A question that often comes up when other learn about how much time I've spent improving my tooling and workflow: is it worth it? It's a question I ask myself as well - after all, every moment I spend working on tooling is a moment not spent on solving some other problem (and presumably there's a real non-tooling problem I want to solve).

is_it_worth_the_time.png 1

The above image shows a respectable but wrong way of thinking about the problem - because it doesn't take into account the person you become. The two main positive changes in the tooler are learning and ritual.

The former is expected. Doing things generally teaches you how to do things. (: This kind of positive feedback loop enables one to change future tasks from not worth it to worth it, or impossible to possible.
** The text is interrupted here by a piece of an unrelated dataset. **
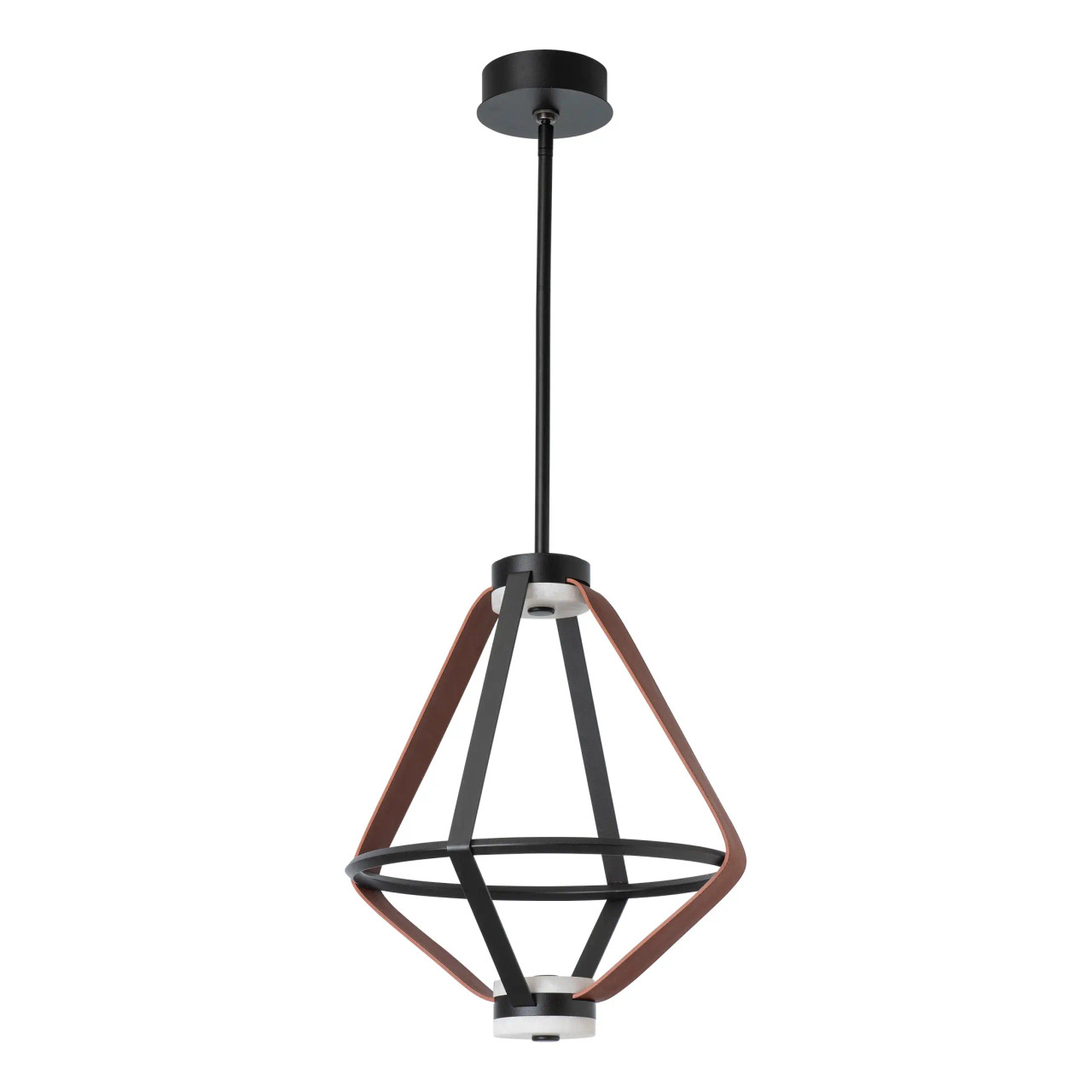 Aspen LED Small Pendant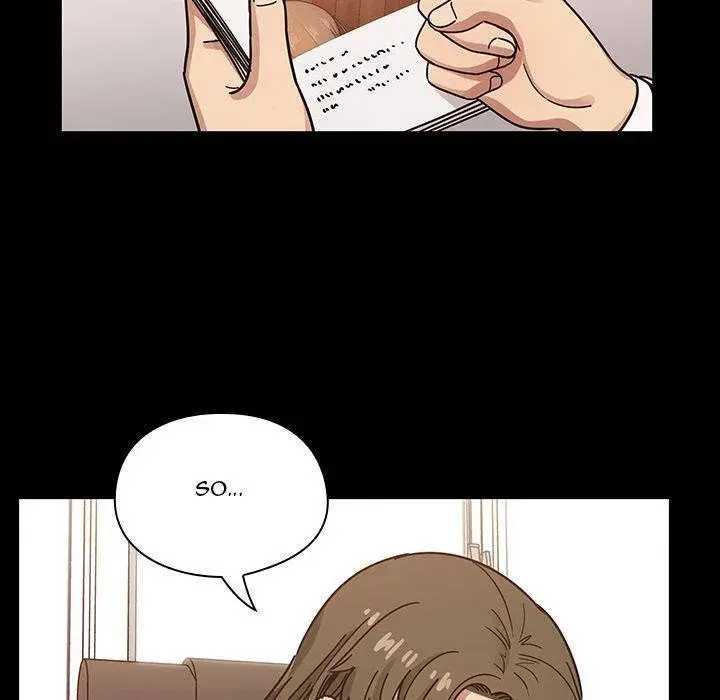 Crime And Punishment Chapter 37 - Page 5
This is a weak argument though, since you also are displacing doing something else by working on tooling.

The latter is not as obvious, but you are what you do. Who you are affects which actions you take, but the actions you take likewise affect who you are - and by working on tooling, you become someone who doesn't accept inefficiencies, is not bounded by what currently exists, and solves their own problems - even problems that most people don't even notice exist. To bring up a favorite quote of mine: "Your tools shouldn't affect the way you think, you should affect the way your tools think".

Of course, it's entirely possible that the person you become is one that focus too much on ways to make solving your big problem easier, rather than directly solving your big problem. This is why we have to keep ourselves honest, and constantly question whether or not it is worth it.